# budget canister filter



## Blackheart (Jul 5, 2011)

I would like to possibly look into getting a canister for my new 40 gallon tank. I don't have a ton to spend though. I'd like to keep it around 100 bucks or under but still be able to get something that's quality. I've seen Sun Sun has pretty cheap canisters. How are they? Any recommendations?


----------



## jacklilley (Oct 20, 2016)

Make one 😉


----------



## Toney (Oct 29, 2016)

I'm thinking about a sunsun. They seem to have good reviews


----------



## latchdan (Sep 7, 2007)

My sunsun was garbage wait for a 2217imo.


----------



## York1 (Dec 18, 2014)

I would go with eheim classic.


----------



## bleumoon (Oct 28, 2016)

I had a sunsun for a few years when I did a african cichlid tank, no complaints. It was way more quiet than the fluval I got, but the fluval was used and probably had a bad propeller. One thing to watch for are the handles on the trays, they tend to brake so be careful pulling them out. I just picked up a 304b and did a test run since the tank isn't setup yet, it was pretty quiet for how big it is.


----------



## MChambers (May 26, 2009)

Cobalt EXT filters are great, and are $95 at Amazon. Probably similar price at other retailers. 

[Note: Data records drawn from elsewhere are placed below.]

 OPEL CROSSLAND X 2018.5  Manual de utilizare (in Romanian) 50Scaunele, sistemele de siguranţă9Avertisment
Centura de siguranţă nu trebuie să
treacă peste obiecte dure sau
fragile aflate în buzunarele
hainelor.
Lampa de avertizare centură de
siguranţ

Very versatile filters, since the pump is separate from the body of the filter, and the easiest canister to clean.


----------



## goodbytes (Aug 18, 2014)

I really like my SunSun HW-302 and its been going strong for two years now. I have my Hydor ETH 250 connected to it and I run it side by side with an Eheim 2215. Its really quiet and I've never understood how people break the handles on the baskets. I've never had anything even close to resembling that issue. Just don't go all hulk on them and they should be just fine. I clean the impeller and the impeller well twice a year but that's something you should do with every canister. The impeller has a ceramic shaft just like any of the higher quality canisters and the quick disconnect is excellent--much better than the AquaStop valve on the Fluvals which burble out considerably more water. Most everyone also seems to be convinced that the surface skimmers are junk but mine works flawlessly and keeps the surface of my tank crystal clear. Seeing as how a 303b with some questionable media included only costs $64.00 vs over 100 for an Eheim 2215, that would probably be one of the better budget options.

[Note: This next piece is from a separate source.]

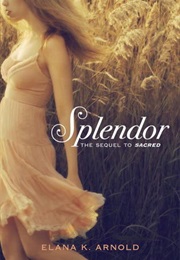 Splendor (Elana K.Arnold)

I have always been intrigued by the Cobalt EXT though. The pump is only 210gph but I do really like the design of it and you could always use a different inline pump to boost output.


----------



## Blackheart (Jul 5, 2011)

I wouldn't mind trying out the Hydor 250 canister filter around 100 bucks, but I had used the 350 before to horrible results. Had a leak and had to return it. Even other people had noticed a similar problem when using Hydor canisters that whenever you disconnect stuff it dumps water on the floor.


----------



## Al3x (Sep 3, 2016)

If you're lucky your local pet smart has the NatGeo canisters in stock. My understanding is they decided to rebrand eheim filters as natgeo but then decided to stop making them. I picked up a eheim 2232 equivalent for $27 (eheim 2232s are normally $100 or more).

That was a month ago so they may have run out. 


Sent from my iPhone using Tapatalk


----------



## Blackheart (Jul 5, 2011)

Yeah I think their all gone. I will have to check though.


----------



## PlantedRich (Jul 21, 2010)

I have been an Eheim fan for years but now I am rethinking that as the model I had chosen as the preferred is no longer available and the alternates are just more than I feel they are worth. I like value and I like quality but even that has a limit. 
So now I have a SunSun 304B under one stand.
First look, it appears to be pretty good. It has a UV which I find a pain that I did not need but then it is there and I can learn to work around it. But the thing is going to be a pita as it sticks out really awkward when cleaning. Some details are needed to make a better decision, though. One that is a problem to me is the extra power it uses and the heat that creates. It is rated 35 watt for the motor and 9 watt for the UV. With the UV never on and the canister in an enclosed stand under the tank, that 35 Watt is pushing my 75 gallon tank to stay at 81 degrees! Not good when I'm still running the AC to cool the house and I'm going to have to look at running a fan to cool the tank. 
It did make noise at first start but that seems to have cleared and it is running quiet now after a few weeks of running. Possibly not as well machined as some? 
Media provided is definitely second rate compared to Ehiem but it would do and I did have surplus on hand to mix in. Not a great big thing but doesn't really add to the value. 
directions for setup might kill those who have not done canisters before but adequate for getting it going. The pictures on the box to ID parts is more help than the written directions. 
I was looking for a cheaper filter and so far, I am okay with what I bought but that depends on how long the plastic lasts and how it ages. Cheap plastic tends to become brittle and break easy after a few years but I can' tell what I have on that point. The sealing ring around the canister top looks a bit suspect but seems to be working. 
Some risk involved with buying cheap but at this point, I am willing to give it a try. 
Semi-recommended but I need more info ?


----------



## zackariah (Jan 17, 2013)

I have tried several brands and am most happy with Eheim 2217 or anything in the classic series. Simple design is easy to prime. Silent. And pretty inexpensive. 

Sent from my SM-G920V using Tapatalk


----------



## androsk (Sep 15, 2012)

Blackheart said:


> I would like to possibly look into getting a canister for my new 40 gallon tank. I don't have a ton to spend though. I'd like to keep it around 100 bucks or under but still be able to get something that's quality. I've seen Sun Sun has pretty cheap canisters. How are they? Any recommendations?


i been using sun-sun HW-302 for over 7 years now, with not s single issue and i own 2 of them :smile2:, good price and very reliable.


----------